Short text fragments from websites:
○ ○ ○ ○ ○
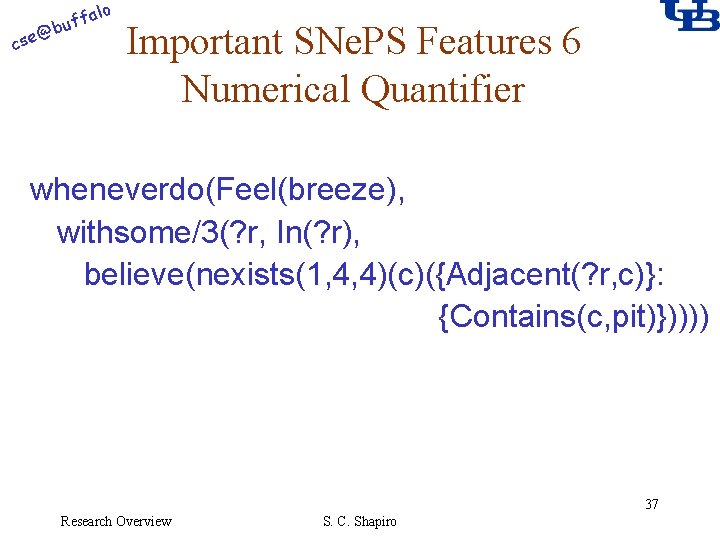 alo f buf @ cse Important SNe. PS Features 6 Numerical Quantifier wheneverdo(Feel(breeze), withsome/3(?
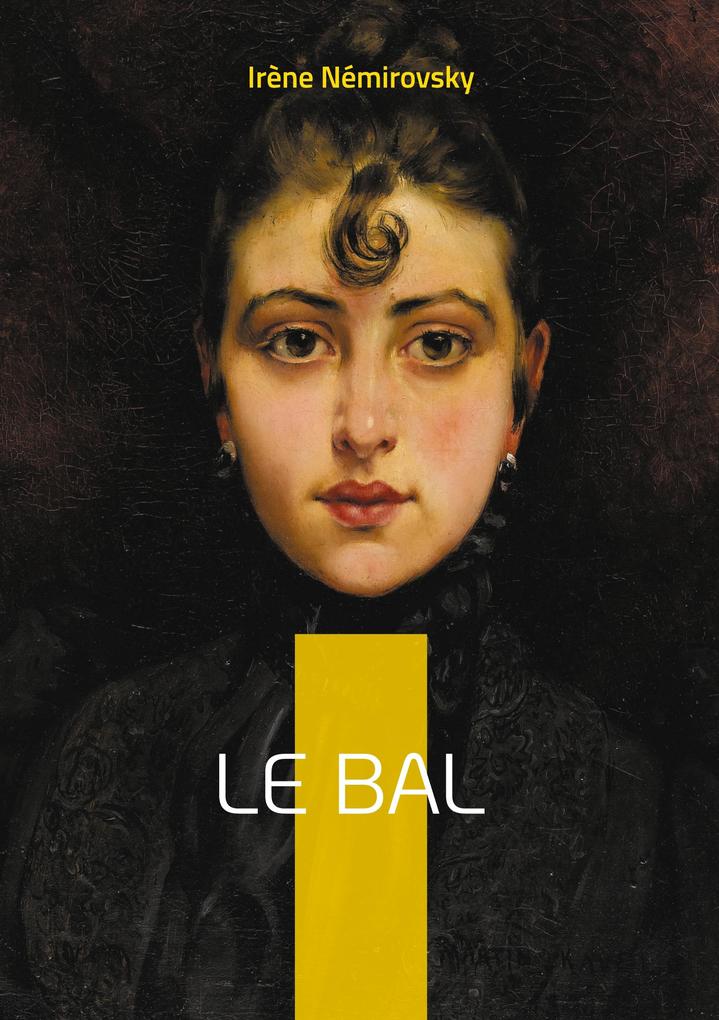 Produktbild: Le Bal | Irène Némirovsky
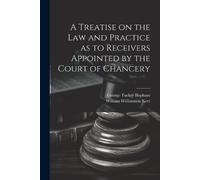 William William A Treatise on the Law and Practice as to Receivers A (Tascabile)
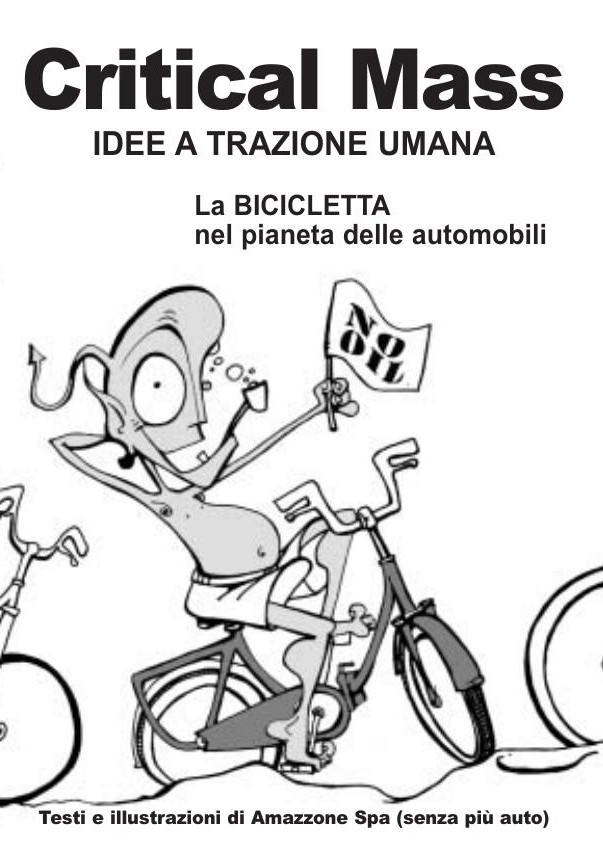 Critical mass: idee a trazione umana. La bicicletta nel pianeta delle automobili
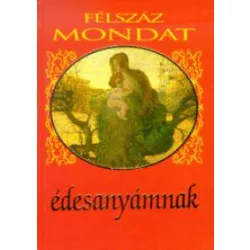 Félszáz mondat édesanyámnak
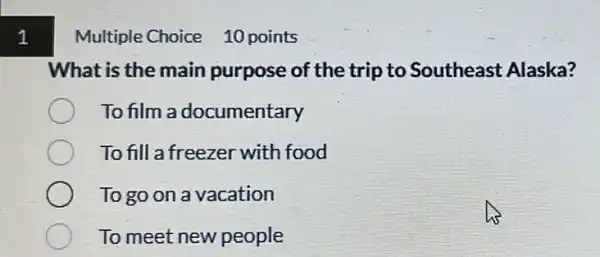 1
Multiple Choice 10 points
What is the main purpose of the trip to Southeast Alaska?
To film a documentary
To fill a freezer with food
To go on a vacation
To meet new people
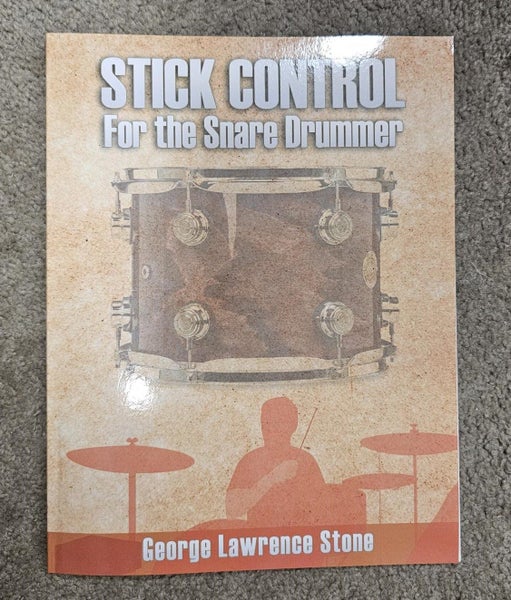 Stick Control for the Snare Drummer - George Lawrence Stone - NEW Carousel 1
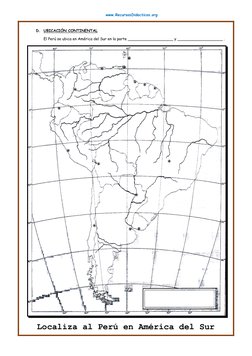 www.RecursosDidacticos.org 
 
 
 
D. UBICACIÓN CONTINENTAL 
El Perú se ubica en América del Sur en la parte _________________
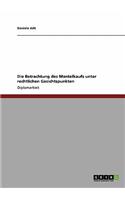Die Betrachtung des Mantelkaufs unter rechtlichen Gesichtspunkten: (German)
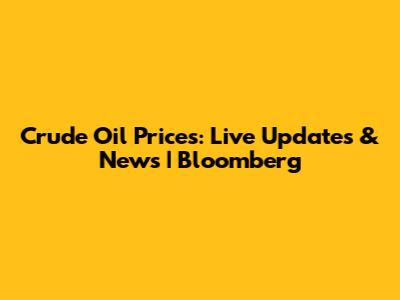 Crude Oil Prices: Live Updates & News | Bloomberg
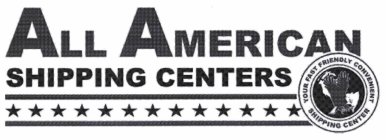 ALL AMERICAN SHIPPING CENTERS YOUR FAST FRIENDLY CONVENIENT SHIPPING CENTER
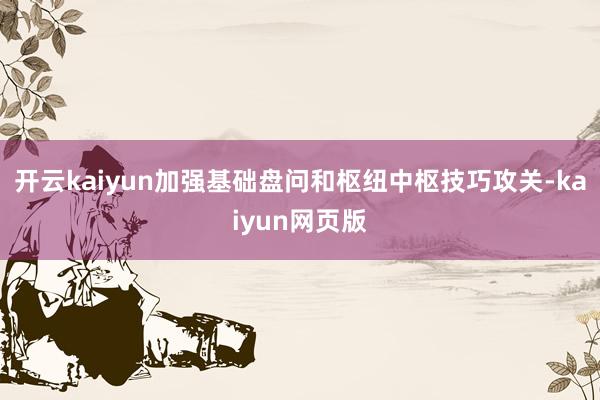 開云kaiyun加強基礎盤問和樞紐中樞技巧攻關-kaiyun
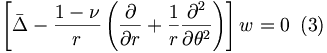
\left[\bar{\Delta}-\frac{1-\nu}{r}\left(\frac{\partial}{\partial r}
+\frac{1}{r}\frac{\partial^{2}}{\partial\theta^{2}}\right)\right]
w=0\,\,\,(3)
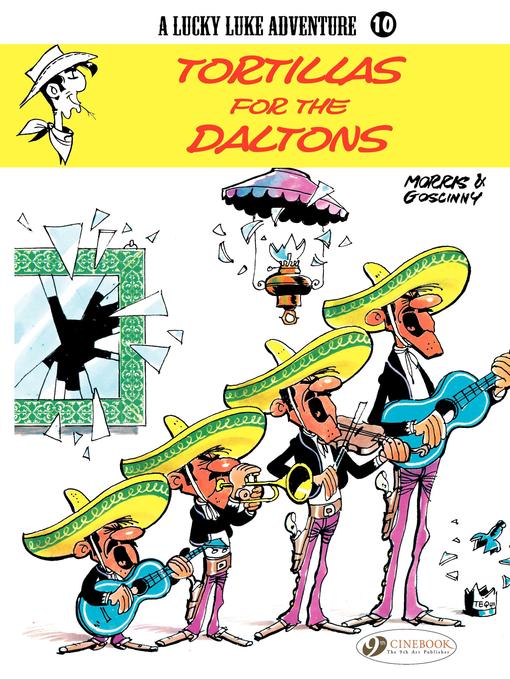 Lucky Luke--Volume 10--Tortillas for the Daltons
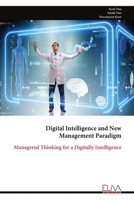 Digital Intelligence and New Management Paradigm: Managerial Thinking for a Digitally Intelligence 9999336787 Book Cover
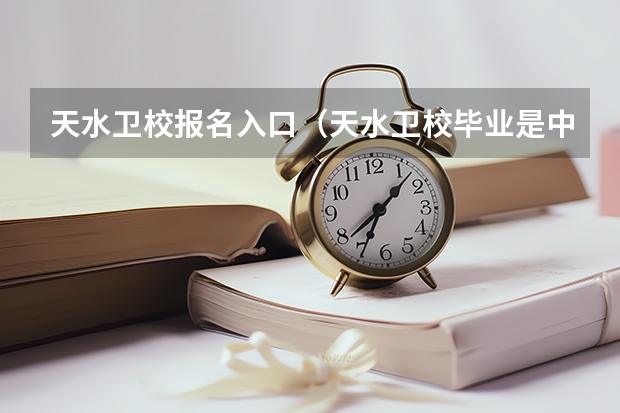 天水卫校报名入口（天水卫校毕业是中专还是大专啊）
○ ○ ○ ○ ○
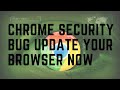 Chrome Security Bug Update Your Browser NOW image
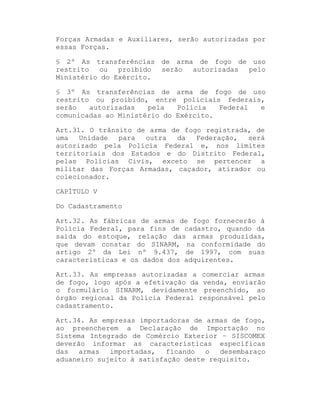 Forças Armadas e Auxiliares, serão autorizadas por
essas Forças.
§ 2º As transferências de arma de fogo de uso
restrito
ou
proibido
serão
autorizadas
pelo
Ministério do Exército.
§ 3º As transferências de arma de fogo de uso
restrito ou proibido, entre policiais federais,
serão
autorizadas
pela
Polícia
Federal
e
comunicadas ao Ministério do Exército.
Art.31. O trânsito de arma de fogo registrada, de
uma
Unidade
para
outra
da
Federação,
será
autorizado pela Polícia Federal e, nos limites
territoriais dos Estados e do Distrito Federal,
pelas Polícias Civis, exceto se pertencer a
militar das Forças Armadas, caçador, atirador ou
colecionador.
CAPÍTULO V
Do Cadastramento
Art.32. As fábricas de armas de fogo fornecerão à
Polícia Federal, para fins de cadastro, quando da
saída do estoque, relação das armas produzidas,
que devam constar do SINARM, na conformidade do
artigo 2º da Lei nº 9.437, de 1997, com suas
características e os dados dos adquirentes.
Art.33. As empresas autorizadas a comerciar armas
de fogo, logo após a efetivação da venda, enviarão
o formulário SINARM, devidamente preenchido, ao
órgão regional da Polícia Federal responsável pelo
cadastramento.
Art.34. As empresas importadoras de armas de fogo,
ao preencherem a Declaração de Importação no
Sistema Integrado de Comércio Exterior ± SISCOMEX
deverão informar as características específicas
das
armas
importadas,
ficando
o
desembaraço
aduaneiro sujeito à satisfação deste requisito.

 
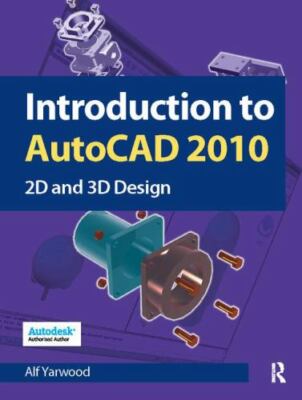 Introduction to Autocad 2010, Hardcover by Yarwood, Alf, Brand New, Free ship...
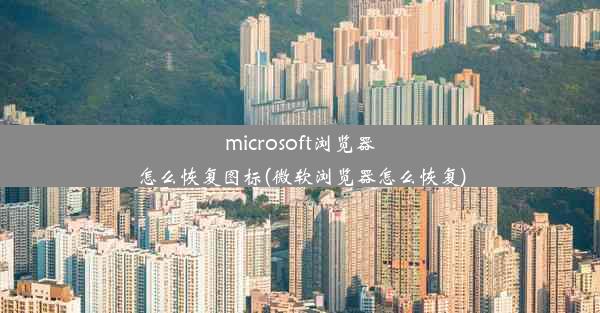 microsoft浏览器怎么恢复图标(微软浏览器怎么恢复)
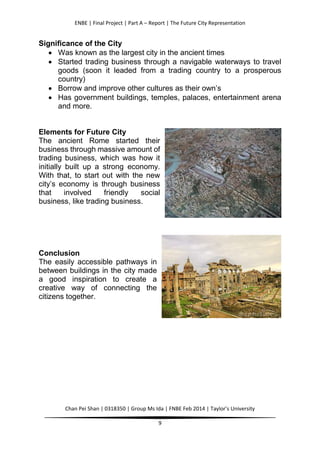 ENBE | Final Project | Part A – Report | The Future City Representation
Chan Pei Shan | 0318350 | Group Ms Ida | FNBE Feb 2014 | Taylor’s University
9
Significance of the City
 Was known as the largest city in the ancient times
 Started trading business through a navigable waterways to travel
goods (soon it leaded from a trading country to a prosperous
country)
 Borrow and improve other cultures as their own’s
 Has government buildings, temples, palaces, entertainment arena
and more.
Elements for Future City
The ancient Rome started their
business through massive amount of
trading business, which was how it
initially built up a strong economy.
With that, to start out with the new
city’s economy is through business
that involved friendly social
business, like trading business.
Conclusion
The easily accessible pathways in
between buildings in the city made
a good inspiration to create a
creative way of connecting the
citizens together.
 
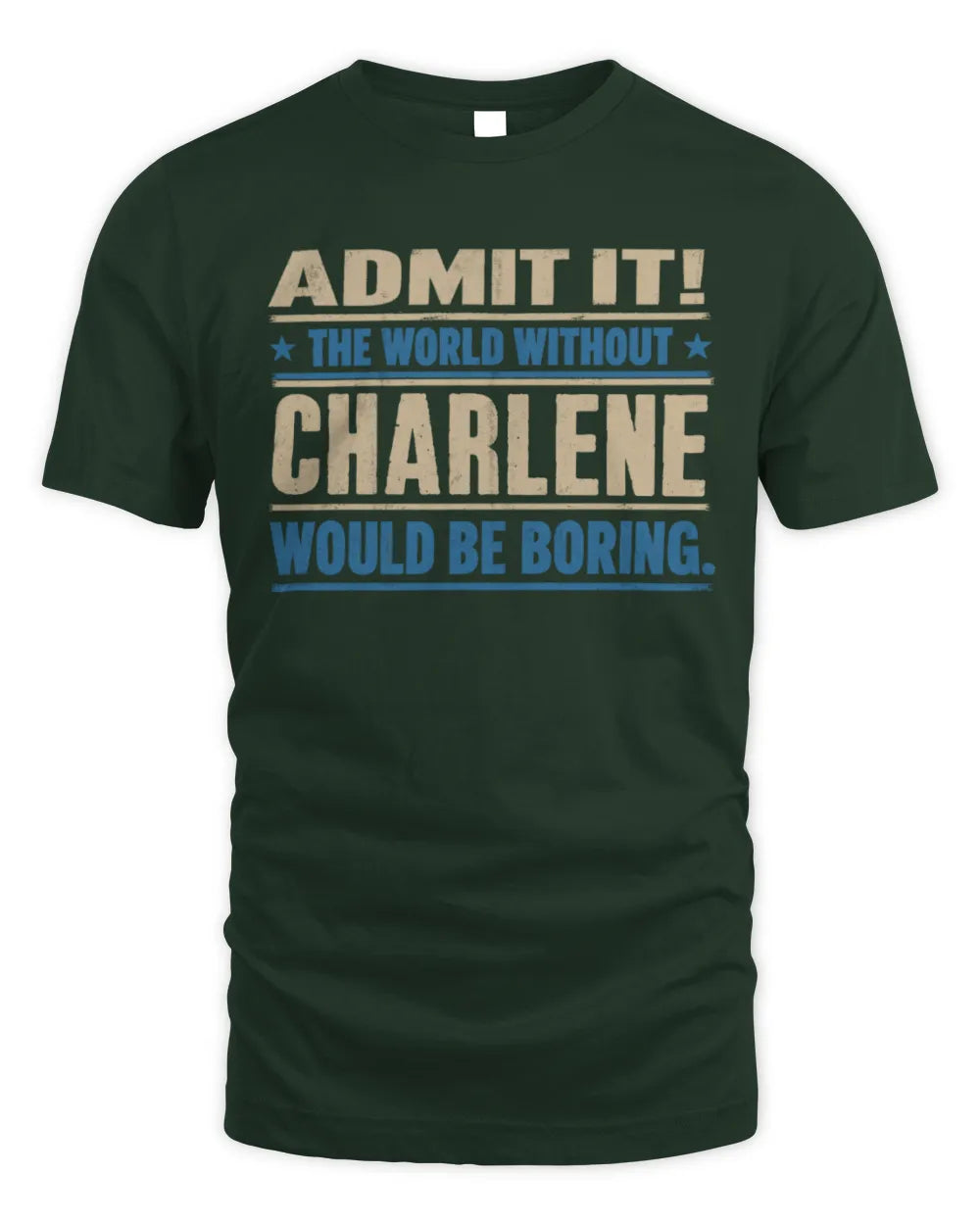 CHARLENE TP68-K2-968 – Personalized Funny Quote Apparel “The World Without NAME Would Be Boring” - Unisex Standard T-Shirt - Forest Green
○ ○ ○ ○ ○
The problem:
Now transcribe the lines above exactly, starting at the line containing "características e os dados dos adquirentes." and ending at the line containing "ENBE | Final", both lines included, pictures excluded.

The answer:
características e os dados dos adquirentes.
Art.33. As empresas autorizadas a comerciar armas
de fogo, logo após a efetivação da venda, enviarão
o formulário SINARM, devidamente preenchido, ao
órgão regional da Polícia Federal responsável pelo
cadastramento.
Art.34. As empresas importadoras de armas de fogo,
ao preencherem a Declaração de Importação no
Sistema Integrado de Comércio Exterior ± SISCOMEX
deverão informar as características específicas
das
armas
importadas,
ficando
o
desembaraço
aduaneiro sujeito à satisfação deste requisito.

 
 Introduction to Autocad 2010, Hardcover by Yarwood, Alf, Brand New, Free ship...
 microsoft浏览器怎么恢复图标(微软浏览器怎么恢复)
 ENBE | Final Project | Part A – Report | The Future City Representation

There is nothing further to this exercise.